The solution flow rate in the syringe has a very important influence on the fiber conversion rate on solution electrospinning. In this experiment, the solution flow rate is controlled with the applied voltage of 20 kV and the collection’s rotation speed of 1500 rpm. As shown in Figure 2, the diameter of NBT nanofibers is increased from 326 nm at 1.0 mL/h to 660 nm at 2.5 mL/h with the increase in the solution flow rate and the uneven distribution of fibers became more and more serious. This is because the solution jet rate becomes slower, and the solvent has sufficient time to volatilize at a lower solution flow rate, which is more beneficial to fiber formation [46,47]; with a higher solution flow rate, the polymer segments per unit of time are more aggregated. The chain segment is not fully stretched at the same time, and the formed fiber melts, and the diameters of fibers and pores increase accordingly (Figure 2d). However, if the solution flow rate is too low, it can also cause discontinuity of the solution flow. Therefore, controlling a certain range of solution flow rate has an important influence on the morphology of the spun nanofibers. As shown in Figure 2a, when the solution flow rate is 1.0 mL/h, the nanofibers have a good morphology, and the average diameter is 326 nm.

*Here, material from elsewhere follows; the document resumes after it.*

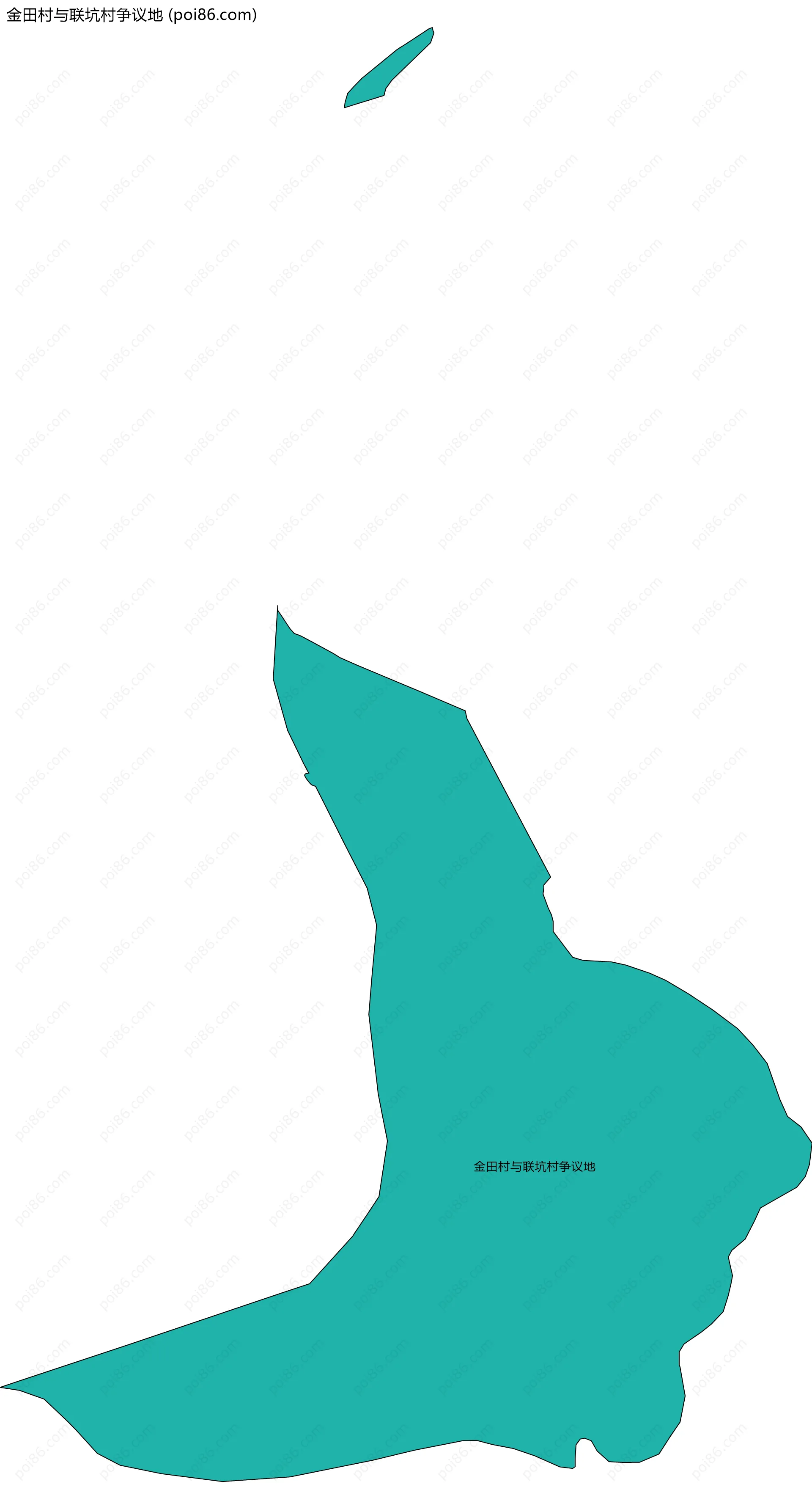 金田村与联坑村争议地边界地图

Therefore, the recommended solution flow rate is 1.0 mL/h.
The diameter of the fiber can be well regulated by changing the rotation speed of the drum collector. The influence of the rotating speeds of the drum collector on the morphology of NBT nanofibers at the applied voltage of 20 kV and solution flow rate of 1.0 mL/h was explored. As shown in Figure 3, the diameter of nanofibers is decreased from 467 nm at 1000 rpm to 242 nm at 3000 rpm. It means that with the increasing of collector’s rotation speed, the nanofibers gradually display from random arrangement to orientation characteristics. The diameter and morphology of the NBT nanofibers obtained at 1500 rpm are greater than others, and 46% of NBT nanofibers’ diameters are in the range of 300–400 nm (Figure 3a,f). When the collector’s rotation speed is 2000 rpm, the fiber diameter distribution is widened. This is because the collector’s rotation speed is fast, and some fibers are broken during the electrospinning processing. When the collector’s rotation speed is 2500 rpm, the fiber diameter increases slightly. When the collector’s rotation speed reaches 3000 rpm, the NBT nanofibers show overall orientation characteristics, the range of diameters is 150–360 nm. It is considered that the diameter of the nanofibers is too small, which will seriously affect the mechanical strength and is not conducive to subsequent experiments. In addition, if the collector’s rotation speed is too high, the drum collector produces a lot of heat, which affects the safety of the experiment and the service life of the electrospinning device. The recommended rotation speed of the collector is 1500 rpm.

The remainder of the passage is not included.